What the exercise asks: From the line with "Pandora Gold Louis" to the final line of the data below, please write out every line exactly, with no pictures.

Available data:
== Segment start ==
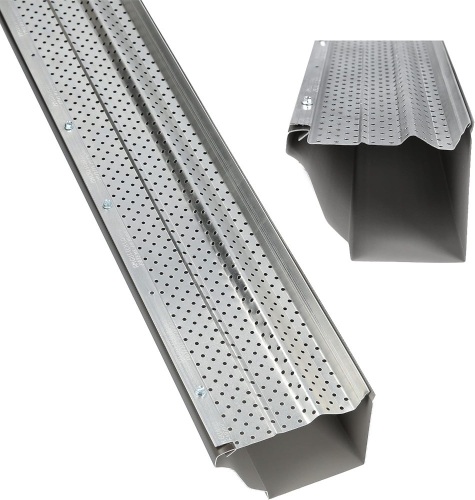 A-M Gutter Guard - Heavy Duty Lifetime Quality Aluminum Leaf & Debris Protection for 5-inch and 6-inch (5 Inch-31 Feet, Mill Finish) - Made in The USA - Lot 2338
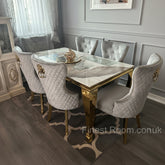 Pandora Gold Louis Dining Table With Light Grey Gold Majestic Chairs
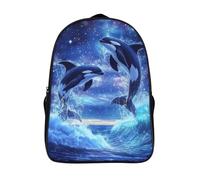 casual rucksack 3d prints leap out of the water daypacks cool orca two compartment sports bag with big pockets-16inch,firm casual backpack for adults teenagers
== Segment end ==
Answer to this problem:
 Pandora Gold Louis Dining Table With Light Grey Gold Majestic Chairs
 casual rucksack 3d prints leap out of the water daypacks cool orca two compartment sports bag with big pockets-16inch,firm casual backpack for adults teenagers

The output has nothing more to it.